*What you have to do:* Exactly as they stand, give the records below again, with no images.

*Data under study:*
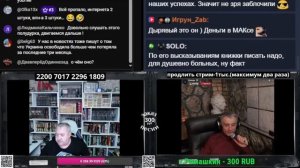 Новая порция предсказаний от Ванятки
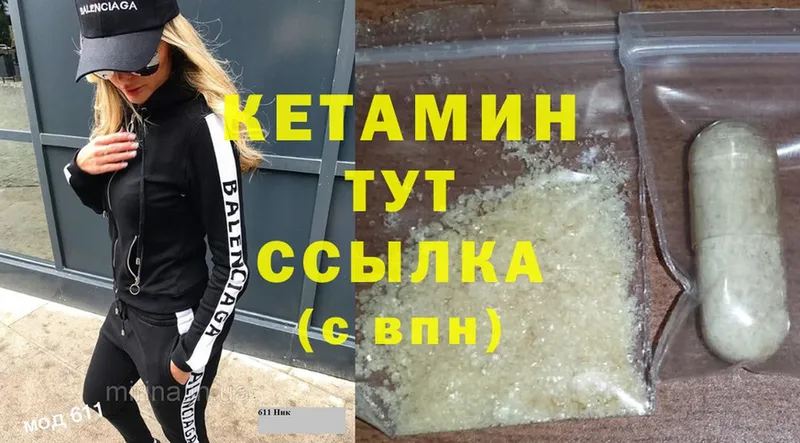 Кетамин ketamine  Гудермес 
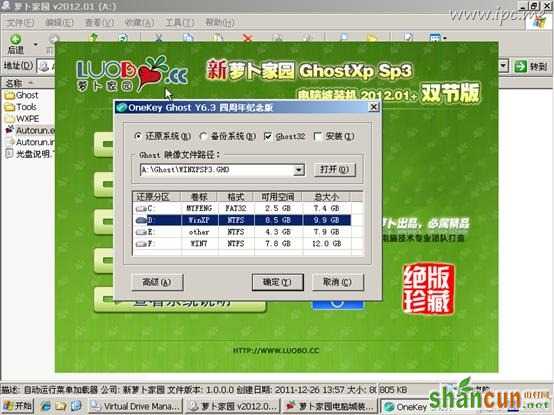 win7下安装 ghost XP 双系统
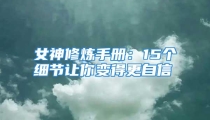 女神修炼手册：15个细节让你变得更自信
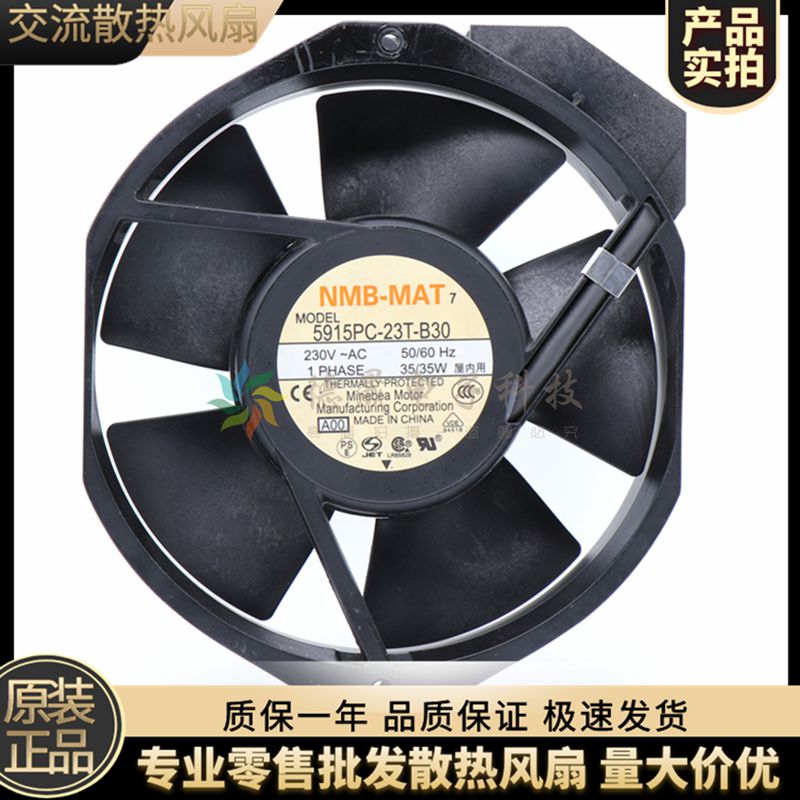 现货原装NMB-MAT 5915PC-23T-B30 AC230V 35/35W 交流风扇 铝框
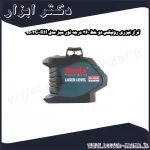 تراز لیزری رونیکس دو خط 360 درجه نور سبز مدل RH 9503G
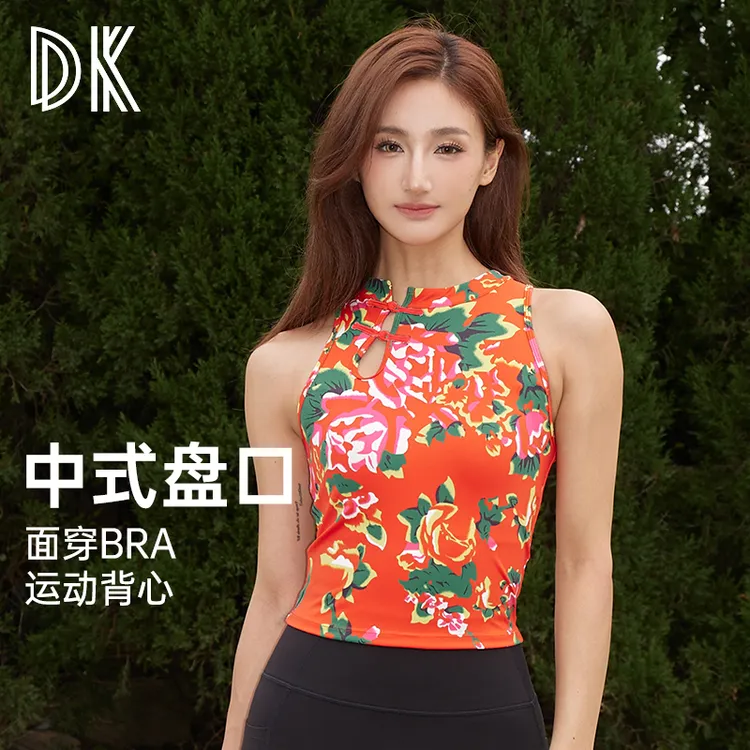 DK一体式修身聚拢运动背心女士跑步训练透气户外紧身外穿上衣8129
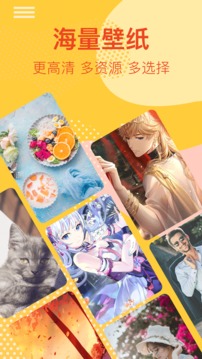 太空人动态壁纸(1)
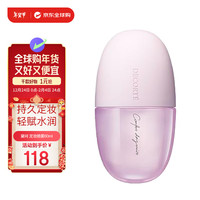 黛珂（DECORTE） 保湿定妆喷雾60ml 送女友护肤礼物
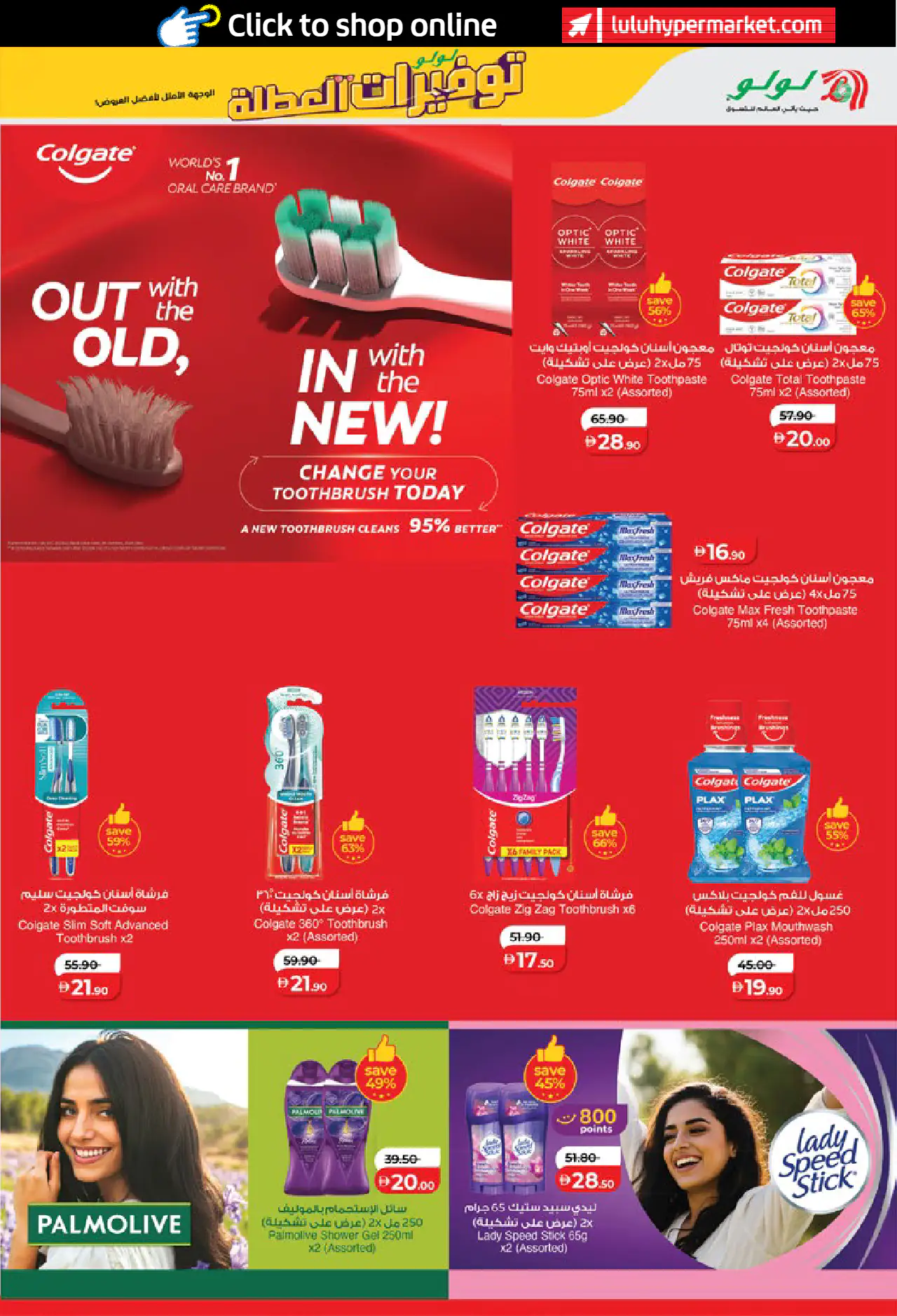 Lulu UAE Offers June 19, 2026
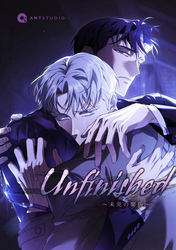 Unfinished ～未完の関係～（４２）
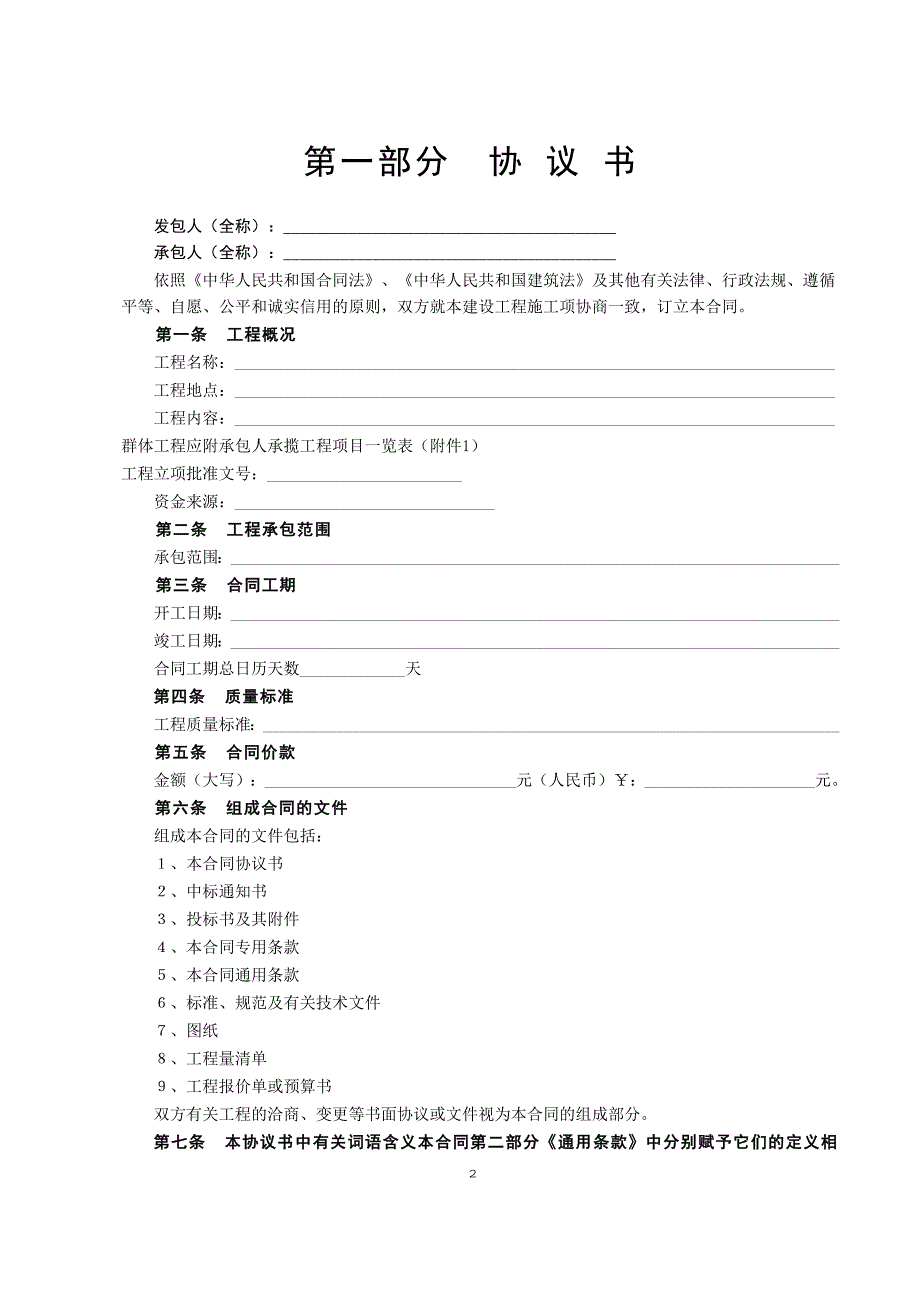 2022整理-建设工程施工合同3(DOC30页)_第2页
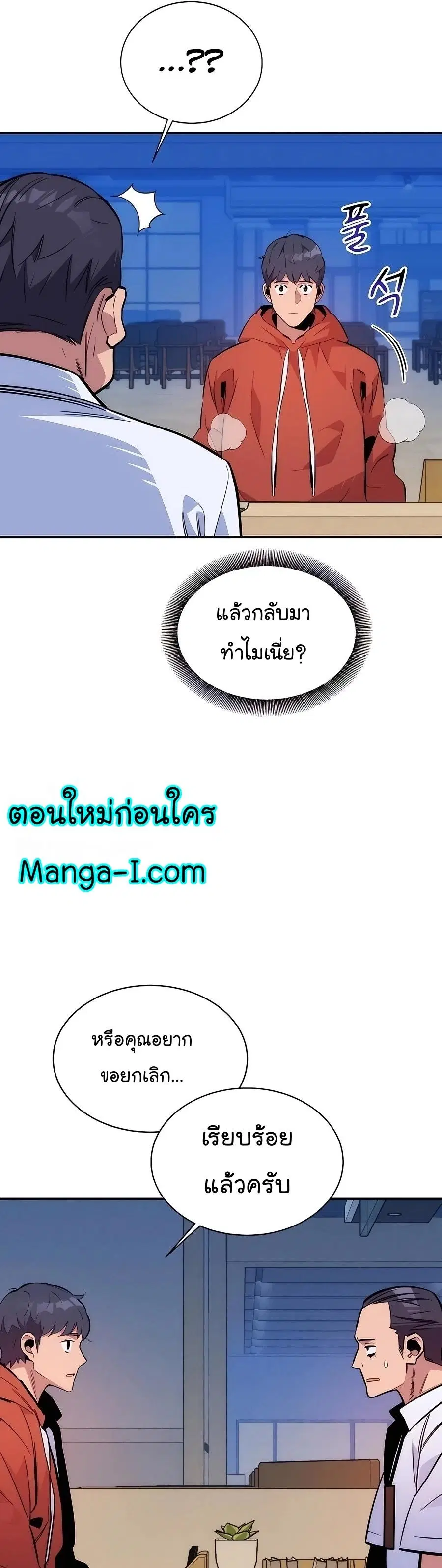 หน้า 53 จาก 57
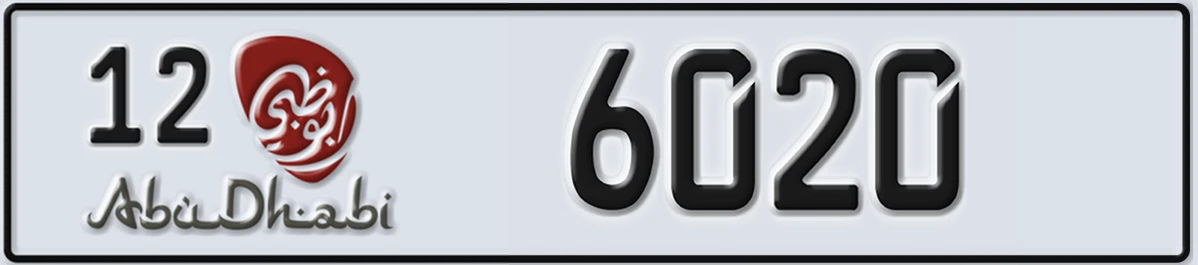 UAE License Plate Abu Dhabi 12 6020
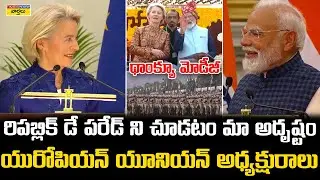 రిపబ్లిక్ డే పరేడ్ చూడటం మా అదృష్టం || EU President Impressed by India’s Republic Day Parade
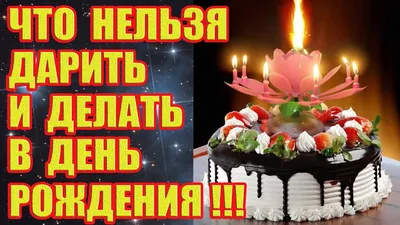 Прекрасная картинка с днем рождения мужчине - GreetCard.ru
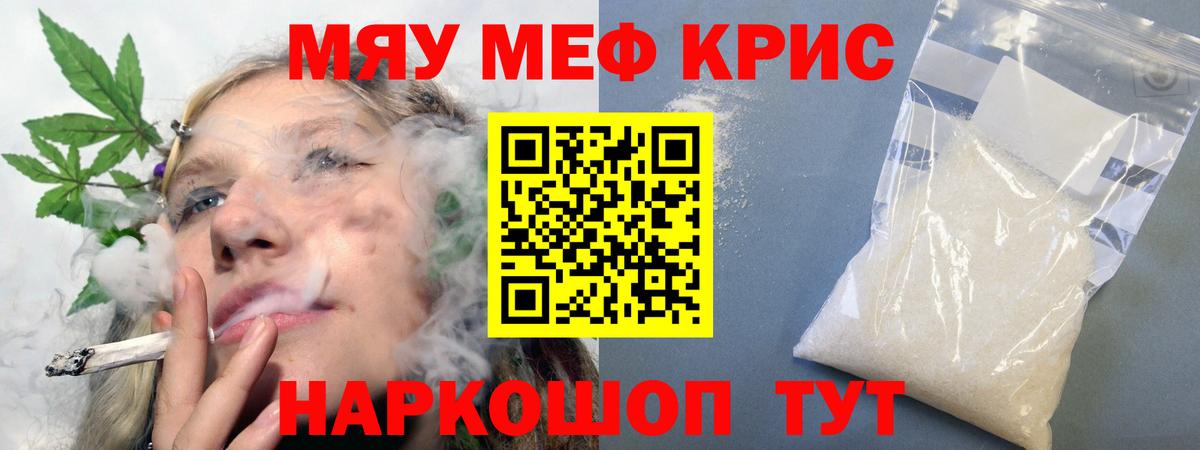 Мефедрон кристаллы Грязи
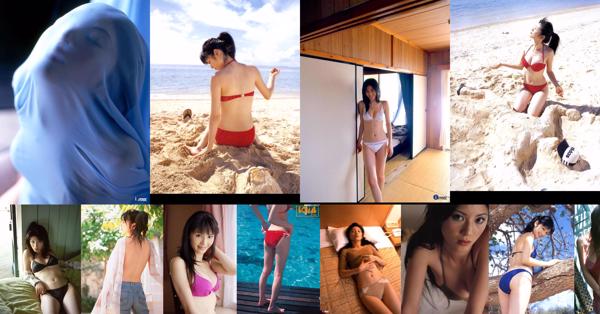 Hara Fumina Total 9 Collection de photos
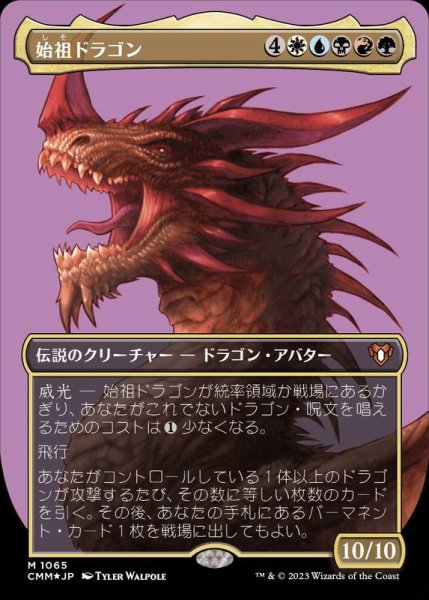 画像1: [EX+](テクスチャーFOIL)始祖ドラゴン/The Ur-Dragon《日本語》【CMM】 (1)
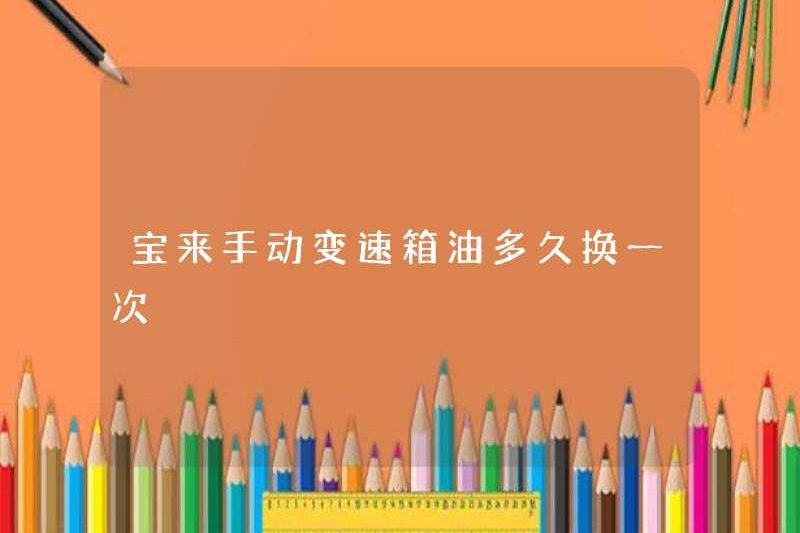 Tần suất thay đổi dầu truyền dẫn thủ công Bora
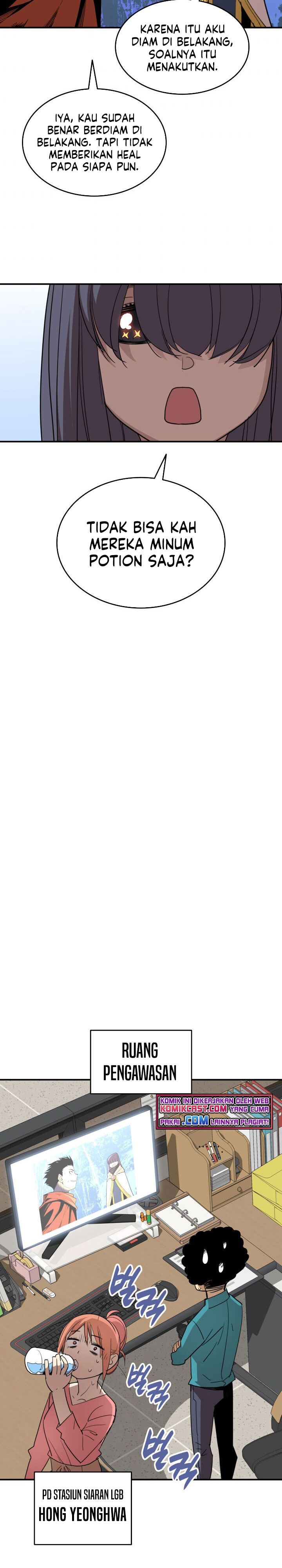 image-komik-worn-and-torn-newbie-chapter-94-18/31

*Answer to this problem:*
 Новая порция предсказаний от Ванятки
 Кетамин ketamine  Гудермес 
 win7下安装 ghost XP 双系统
 女神修炼手册：15个细节让你变得更自信
 现货原装NMB-MAT 5915PC-23T-B30 AC230V 35/35W 交流风扇 铝框
 تراز لیزری رونیکس دو خط 360 درجه نور سبز مدل RH 9503G
 DK一体式修身聚拢运动背心女士跑步训练透气户外紧身外穿上衣8129
 太空人动态壁纸(1)
 黛珂（DECORTE） 保湿定妆喷雾60ml 送女友护肤礼物
 Lulu UAE Offers June 19, 2026
 Unfinished ～未完の関係～（４２）
 2022整理-建设工程施工合同3(DOC30页)_第2页
 หน้า 53 จาก 57
 UAE License Plate Abu Dhabi 12 6020
 రిపబ్లిక్ డే పరేడ్ చూడటం మా అదృష్టం || EU President Impressed by India’s Republic Day Parade
 Прекрасная картинка с днем рождения мужчине - GreetCard.ru
 Мефедрон кристаллы Грязи
 Hara Fumina Total 9 Collection de photos
 画像1: [EX+](テクスチャーFOIL)始祖ドラゴン/The Ur-Dragon《日本語》【CMM】 (1)
 Tần suất thay đổi dầu truyền dẫn thủ công Bora
 image-komik-worn-and-torn-newbie-chapter-94-18/31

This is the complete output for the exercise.